Newborn screening for cystic fibrosis (CFNBS) has revolutionized the diagnosis and early management of this common, inherited disease. CF NBS is performed in 22 European countries although using different strategies.
CFNBS has introduced in Latvia in July of 2019 using a strategy that combines the detection of immunoreactive trypsinogen (IRT), sweat test, and DNA analysis for CFTR.
The aim of the study is to evaluate CFNBS experience in Latvia. Data were gathered and evaluated for CFNBS from July 2019–December 2020. IRT was measured by fluorometric enzyme immunoassay, with a cutoff value of 70 µg/l. In case if the IRT is elevated for the first time (IRT1), the IRT level was detected for the second time (IRT2). All infants with elevated IRT2 were selected for a sweat test by Macroduct system and CFTR analysis – started with the detection of p.Phe508del and p.Ser18ArgfsX16 (CFTRdele2,3) variants, followed by Sanger sequencing and MLPA. 27057 neonates underwent CFNBS. Of these 490 (1.8 %) neonates had elevated IRT1, and 85 (0.3%) neonates had elevated IRT2. The sweat test was performed for 80 (94%) infants – there were no one borderline results, in four cases sweat test was positive (>60 mmol/l), 5 (6 %) of cases parents refused from test due to COVID-19 pandemic.

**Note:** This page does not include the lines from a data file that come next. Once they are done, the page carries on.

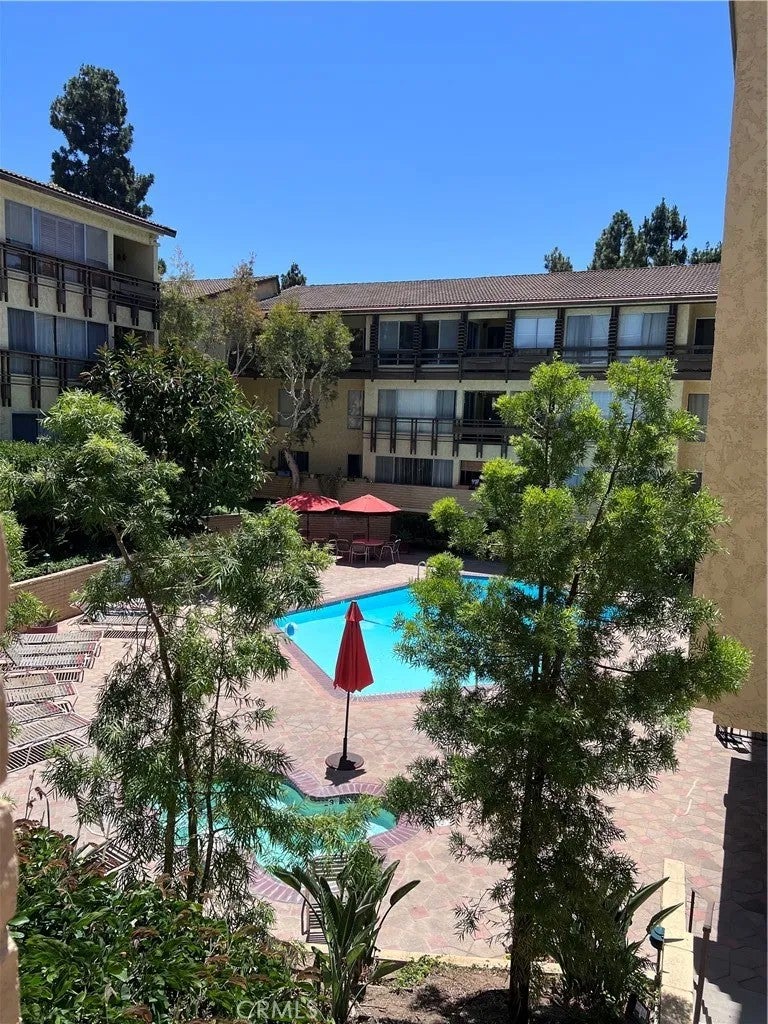 5600 Kensington Way 209 — photo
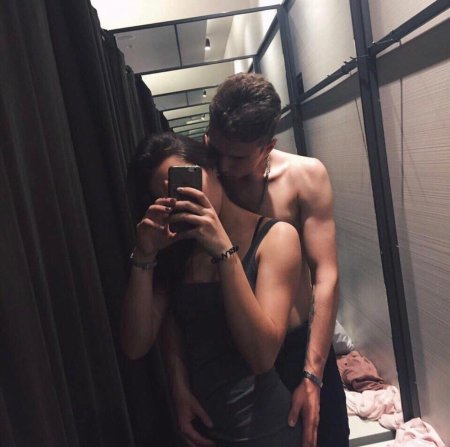 Эротическое селфи пары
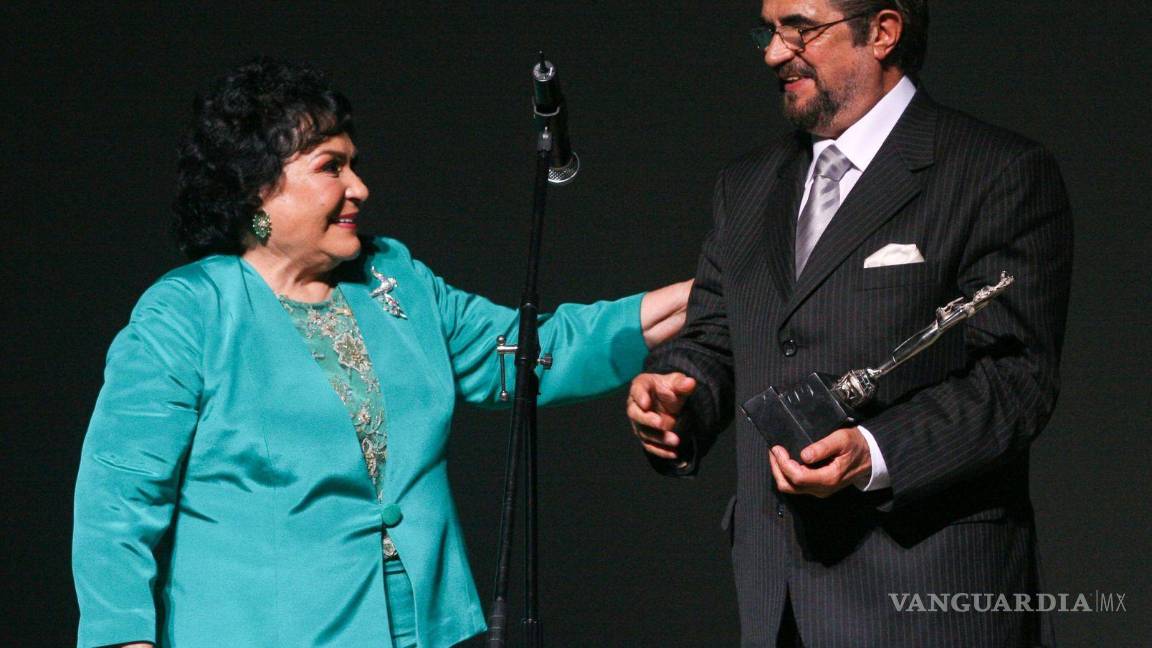 $!22 de julio de 2009. Carmen Salinas entregó una Diosa de Plata que lleva su nombre al cómico Manuel “Flaco” Ibañez. Cuartoscuro/Isaac Esquivel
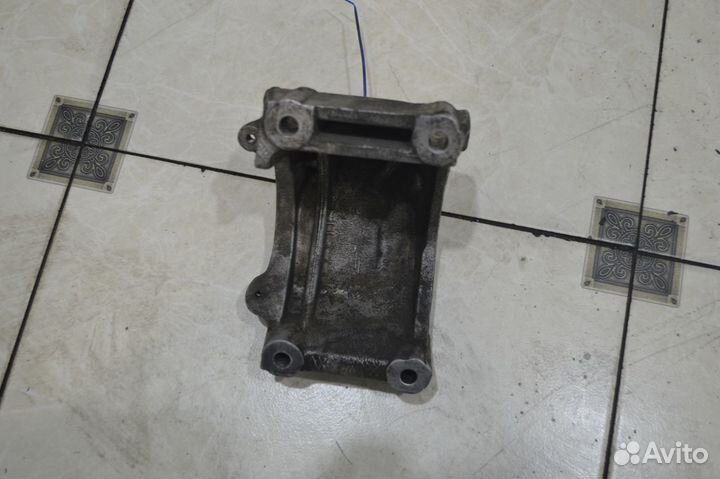 Кронштейн двигателя левый Volkswagen Touareg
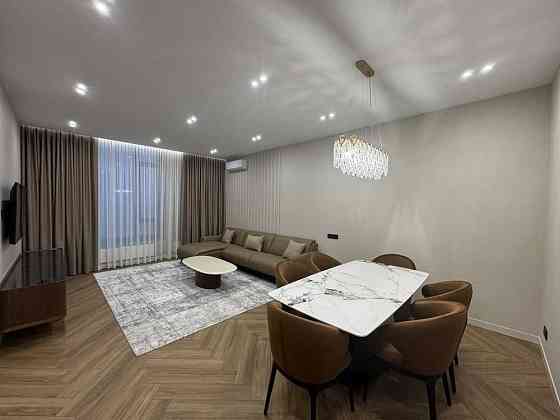 долгосрочная аренда 2-к квартира Киев, Печерский, 2300 $/мес. Киев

Since CFNBS was introduced, CF was confirmed molecularly in four cases (all of them had positive sweat test) with the following genotypes: p.[Phe508del];[Phe508del]) in three cases, and one – p.[Ser168Leu];[Leu1335Pro]. In five cases the carrier status was confirmed (with normal range sweat test) with genotypes: p.[Phe508del];[=], p.[Arg553Ter];[=], and p.[Leu138dup];[=]. In all individuals who have elevated IRT twice and positive sweat test, the molecular analysis should be done starting with the detection of p.Phe508del and p.Ser18ArgfsX16 (CFTRdele2,3) variants following with CFTR gene sequencing and MLPA analysis.